歓喜と興奮に満ちるクラスメイトたち。それぞれ不自由な無人島生活を乗り越えて、こうして結果が伴ったのだから、嬉しさも留まる所を知らないだろう。
四月頃に比べると、随分と団結感が出て来たと思う。この特別試験でそれはより深まったのは間違いない。
「よぉ」
だがそんな歓喜に水を差す男が一人、龍園である。
「ククク、ゴリラ野郎が……随分とまぁやりたい放題してくれたもんだな」
「おや、この結果もありえるかもしれないと君は思っていたんじゃないかい?」
「まぁな、伊吹がここまで使えないとは思ってなかったぜ」
「彼女はよくやっていたよ。ただ俺たちが一枚上手だっただけさ」
「ゴリラが何を偉そうに……なぁ一つ聞かせろ」
「何かな?」
「Dクラスのリーダーは鈴音か?」
「そうだよ」
「だとしたらお前は伊吹に本当にリーダーを教えていた訳だ、間抜けにもな」
「教えても何も問題はなかったからね。堀北さんがこの場にいないのがその答えさ。君がもしかしたら博打で指名してくるかもしれないんだ。そう考えたら30ポイントのマイナスなんて大した数字じゃない」
「……なるほどなぁ、正当な理由なくリーダーの変更はできない、だったか。知恵の回るお利口なゴリラじゃねえか」
「堀北さんは体調を崩していてね、それは正当な理由になりえるだろう?」
龍園の笑みがますます深まる。
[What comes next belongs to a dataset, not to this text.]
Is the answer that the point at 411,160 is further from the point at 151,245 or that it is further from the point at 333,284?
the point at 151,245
どこか蛇を思わせた。
「俺たちはもう二日目の段階で、どう勝つかじゃなくどう終わらせるかを考えていた……君が何をどうしようが結果は変わらなかったよ」
俺は船に戻る為に歩き出し、すれ違いざまに龍園の肩を軽く叩く。
「お疲れさま。一人で無人島生活は大変だっただろう? 船に戻ってゆっくり休むといい」
「良く聞けお利口ゴリラ……お前は俺が潰す。必ずだ。その時が来るまでせいぜい震えていろ」
「楽しみにしている」
そこで龍園を置いて船に戻っていく。もうこの場で彼と話すことは何もない。
「面倒な奴に目を付けられたみたいだな」
清隆は隣を歩きながらも、振り返って龍園を眺めていた。
「いいさ、ライバルと切磋琢磨するのも、高校生あるあるだって師匠が言ってたしね……彼に敵意を向けられるのは不思議と嫌な気分にならないんだ。きっとこれが青春って奴なんだろう。人生に必要な物なんだ」
また一つ、俺は高校生あるあるを経験したということだ。一つ成長したということであった。
「いや、それは違うと思うぞ……」
やっぱり師匠は凄い、人生に大切な全てを教えてくれる。俺をジャングルに放り込んで一カ月放置したのも、きっとこういった試験が行われると予期していたからに違いない。師匠は未来を予知していたのだ。
これはもう、全ての道はローマではなく師匠に通じていると言っても過言ではないだろう。
改めて師匠の偉大さを感じ取れる、そんな一週間だった。